Sophie Roselli, La Tribune de Genève
Comment lutter contre le terrorisme ?
Un juge et un policier portent un regard croisé sur la France et la Suisse autour d’une même question : comment lutter contre le terrorisme sans trahir nos démocraties ? Cette thématique d’une actualité brûlante a fait l’objet hier d’une table ronde à Uni Mail. Si l’on voulait se rassurer, c’est raté. Pascal Gastineau, président de l’Association française des magistrats instructeurs, le dit sans détour : « On s’attend au pire. Les attentats peuvent frapper un hôpital, une crèche, des lieux représentatifs de la société.» La menace est désormais globale, aveugle et prend un caractère non discriminé.
« Même des musulmans ont été tués le 13 novembre. » Et de relever : « Demain, cela peut exploser dans des villes de province.» Pour y faire face, il prône une décentralisation du pôle antiterroriste basé à Paris. L’instauration de l’état d’urgence en France, renforçant le pouvoir des préfets, le laisse sceptique : « On a fait des milliers de perquisitions administratives, mais on n’a trouvé que quelques indices. » Et de lancer : « Quand on donne ce pouvoir au préfet, on donne un coup de canif dans le contrat de la séparation des pouvoirs.»

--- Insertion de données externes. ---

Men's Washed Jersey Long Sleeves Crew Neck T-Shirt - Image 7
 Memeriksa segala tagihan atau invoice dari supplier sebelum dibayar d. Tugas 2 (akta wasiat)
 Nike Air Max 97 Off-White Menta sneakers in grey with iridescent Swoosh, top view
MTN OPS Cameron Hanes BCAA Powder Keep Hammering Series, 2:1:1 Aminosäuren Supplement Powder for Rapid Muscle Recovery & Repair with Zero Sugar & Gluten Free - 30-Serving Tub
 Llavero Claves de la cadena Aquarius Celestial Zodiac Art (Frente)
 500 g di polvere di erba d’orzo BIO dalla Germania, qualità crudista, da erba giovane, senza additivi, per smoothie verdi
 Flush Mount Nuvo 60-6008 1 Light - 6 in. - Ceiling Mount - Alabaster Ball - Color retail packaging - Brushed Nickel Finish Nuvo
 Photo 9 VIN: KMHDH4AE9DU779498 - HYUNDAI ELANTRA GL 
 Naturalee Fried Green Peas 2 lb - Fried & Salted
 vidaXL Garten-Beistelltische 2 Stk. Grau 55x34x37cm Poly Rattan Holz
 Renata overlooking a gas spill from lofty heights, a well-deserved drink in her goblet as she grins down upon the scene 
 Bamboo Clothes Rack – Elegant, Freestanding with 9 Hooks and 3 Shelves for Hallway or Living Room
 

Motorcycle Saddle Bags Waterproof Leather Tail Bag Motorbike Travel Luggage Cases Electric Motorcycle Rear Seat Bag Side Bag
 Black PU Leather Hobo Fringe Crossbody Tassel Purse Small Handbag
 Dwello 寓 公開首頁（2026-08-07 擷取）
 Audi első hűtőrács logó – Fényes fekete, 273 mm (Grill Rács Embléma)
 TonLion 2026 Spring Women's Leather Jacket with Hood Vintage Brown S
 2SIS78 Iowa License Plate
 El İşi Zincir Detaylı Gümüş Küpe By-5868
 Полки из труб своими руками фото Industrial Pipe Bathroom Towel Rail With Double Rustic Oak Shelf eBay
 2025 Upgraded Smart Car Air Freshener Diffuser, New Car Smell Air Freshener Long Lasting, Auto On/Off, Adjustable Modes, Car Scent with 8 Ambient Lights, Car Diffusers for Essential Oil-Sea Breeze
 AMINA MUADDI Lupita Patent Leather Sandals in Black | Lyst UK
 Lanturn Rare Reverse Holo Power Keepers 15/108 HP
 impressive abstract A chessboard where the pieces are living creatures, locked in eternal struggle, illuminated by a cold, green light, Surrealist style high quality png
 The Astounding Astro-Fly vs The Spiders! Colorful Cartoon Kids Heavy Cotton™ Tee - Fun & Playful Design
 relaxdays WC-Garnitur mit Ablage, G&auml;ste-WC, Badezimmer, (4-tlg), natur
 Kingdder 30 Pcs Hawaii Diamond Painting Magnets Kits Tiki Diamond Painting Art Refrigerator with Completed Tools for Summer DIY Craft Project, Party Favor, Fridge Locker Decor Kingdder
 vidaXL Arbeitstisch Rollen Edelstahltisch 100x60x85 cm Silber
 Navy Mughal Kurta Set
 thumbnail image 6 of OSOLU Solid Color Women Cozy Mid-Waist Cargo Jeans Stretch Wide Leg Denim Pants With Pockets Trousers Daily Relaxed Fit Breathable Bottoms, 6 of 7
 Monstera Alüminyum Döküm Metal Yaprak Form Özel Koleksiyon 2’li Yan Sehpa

La situation de ce côté-ci de la frontière est bien différente. « La Suisse n’est pas directement en ligne de mire des djihadistes », rappelle Marc Renfer, commissaire à la division enquêtes terrorisme à la police judiciaire fédérale. Pourtant, sa place internationale et financière en fait une cible, dit-il en substance. Réaliste, l’islamologue rappelle ces chiffres livrés dans une récente étude : « Selon le renseignement suisse, entre 300 et 400 personnes montrent des signes de radicalisation sur Internet, plus ou moins importante.»
Comment agit-on ? « On né peut pas observer tout le monde vingt-quatre heures sur vingt-quatre.»Une septantaine de cas font l’objet d’une enquête à FedPol, donnant lieu à l’ouverture d’une cinquantaine de procédures au Ministère public de la Confédération. Les moyens sont-ils suffisants ? « La police a les outils nécessaires, mais ce n’est pas le cas pour le Service de renseignement.» A ses yeux, la nouvelle loi sur le renseignement, combattue par référendum, est nécessaire.
Le terrorisme met sous pression nos démocraties. « Partout en Europe, les Etats procèdent à des réformes pour adapter leur dispositif antiterroriste », rappelle Frédéric Esposito, chargé de cours au Global Studies Institute.